Weltkriegs-Gedenken in Frankreich:Die Kolonien waren nicht nur ein Nebenschauplatz der Kämpfe

Weltkriegs-Gedenken in Frankreich: Mitglieder der Republikanischen Garde in Straßburg bei einer Feier zum Ende des Ersten Weltkriegs vor hundert Jahren.

Mitglieder der Republikanischen Garde in Straßburg bei einer Feier zum Ende des Ersten Weltkriegs vor hundert Jahren.

(Foto: AFP)

Frankreich ist es gelungen, festzuhalten an der Erinnerung an den Ersten Weltkrieg - und die Heldensaga in eine Friedenserzählung umzuschreiben. Unter Macron stellt es sich endlich auch der Kolonialgeschichte.
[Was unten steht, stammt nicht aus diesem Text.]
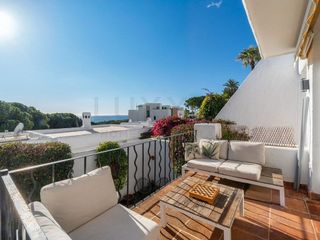 Piso en venta en Cabo Pino - Reserva de Marbella en Marbella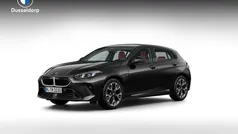 Zwart Gebruikt 2025 BMW 120 M Sport Hatchback | € 36.450 (Eerlijke prijs)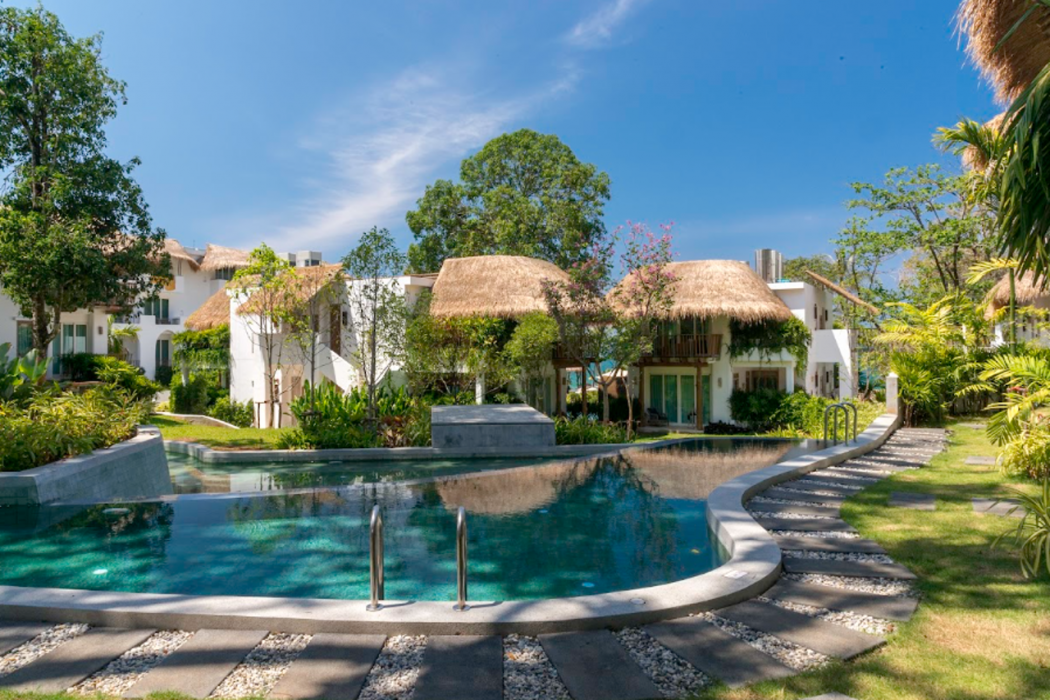 Eden Beach Khao Lak Resort and Spa 75/139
Kommentar von Nadia Pantel, Frankreich

Wenn man in diesen Wochen durch französische Zeitschriften blättert, dann erscheinen 100 Jahre wie eine kurze Zeit. 1918 endete der Erste Weltkrieg, doch er dominiert das kulturelle Leben im Land, als hätten die Soldaten erst gestern die Waffen niedergelegt. Das überrascht nur dann, wenn man den deutschen Umgang mit der Geschichte als Standard setzt.
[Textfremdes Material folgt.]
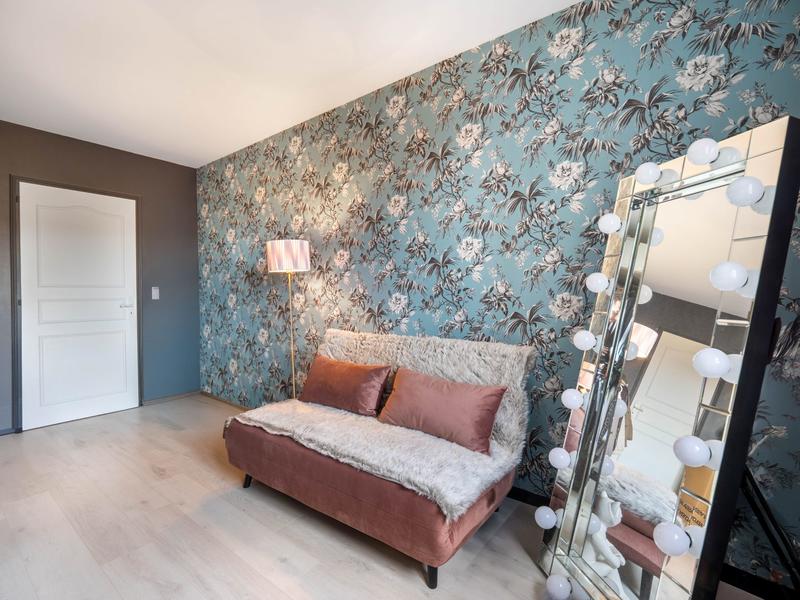 Appartement - 87 m² - 3 pièces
Der Nationalsozialismus bleibt für die Nachfahren der Täter bis heute Mahnung, Schande - und Zentrum des historischen Selbstverständnisses. Frankreich gewichtet das 20. Jahrhundert anders. Dort ist der Erste Weltkrieg nicht der Vorbote des Zweiten, er ist "La Grande Guerre", der große Krieg.

In keinem französischen Dorf fehlt das Mahnmal für die Söhne, Väter und Brüder, die im Kampf gegen Deutschland ihr Leben ließen. Die Schlachtfelder im Osten Frankreichs sind zu Wallfahrtsorten der Trauer und des Grauens geworden. Man kann durch nachgebaute Schützengräben robben und durchlöcherte Helme der Gefallenen betrachten.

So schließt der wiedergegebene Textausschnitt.